Later, Rogers is described by the narrator as possessing a “wicked omniscience” (315) that permits him to know the actions of the Lapham family, and thus to know when to appear and how to attempt his vengeance. And in general Rogers is frequently described as a source of evil and deviltry in both Lapham’s business and personal life. Howells’ contemporary critic Horace Scudder even went so far as to refer to Rogers as “that delicious Mephistopheles,” referencing the devil to whom Faust sold his soul.
Then there are the Lapham women, each of whom is referred to as a ghost at one time or another in the novel.

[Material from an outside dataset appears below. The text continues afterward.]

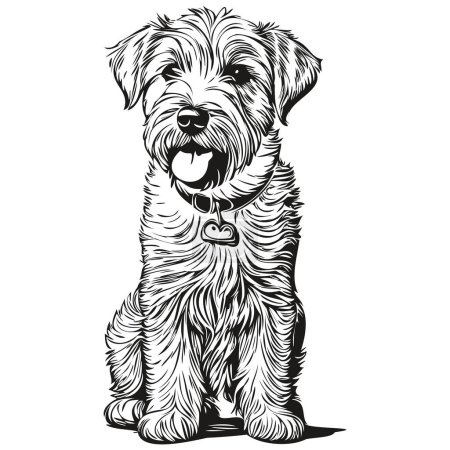Illustration for Sealyham Terrier dog cartoon face ink portrait, black and white sketch drawing, tshirt print - Royalty Free Image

All this is not to suggest that Howells has written a type of simple allegory in which the Coreys are witches, Rogers is a ghost-demon, and the Lapham women are ghosts. In fact, the inconsistencies of having Rogers appear alternately as ghost and as demon or of having all the Lapham women described as ghosts supports the point underscored by Faulkner’s comments that Howells is simply tapping into culturally specific symbols that even Howells acknowledges he cannot entirely avoid. The fact that Howells tried to avoid such symbols may very well explain why they are inconsistently employed. But what I’m interested in doing is tracing out some of the archetypal patterns from the Gothic Romantic tradition that Howells seems incapable of avoiding.
For starters, let’s go back to Kathleen Brogan and use her criteria for a Gothic story. Brogan lists “the familiar trappings of the Gothic” as “the haunted house, the family secrets, endangered inheritances, imprisonment and escape, the encounter with the unspeakable, and, indeed, ghosts themselves.” Romance, which Howells is more concerned with, is not the same as the Gothic, of course, but the Romance and the Gothic are related. This is because the Romance permits many Gothic elements, such as supernatural phenomena, and certainly in the Romantic works I have mentioned here by Poe, Hawthorne, and James, we can see many Gothic elements. For my purposes, I will treat the Gothic as a subcategory of the Romance.
So, how well does The Rise of Silas Lapham meet Brogan’s criteria? Quite well, I’d say. Howells opens his novel with an ancestral home and some graves. Like the narrator of “The Custom-House,” who attempts to explain the inexplicable pull Salem has upon him, Lapham explains to the reporter Bartley that “the old house” and “the graves” of his parents made him unable to “clear out” of New England the way his brothers did (5). But in holding onto this impoverished, dying plot of earth, he discovers buried in the ground a figurative gold mine first unearthed by his father and left to him to improve upon and profit by—just as Surveyor Pue, Hawthorne’s “official ancestor,” rewarded Hawthorne’s devotion to the dying town of Salem by providing him with a figuratively buried treasure in the form of an outline of a story that, when fleshed out, would provide him with “profit.”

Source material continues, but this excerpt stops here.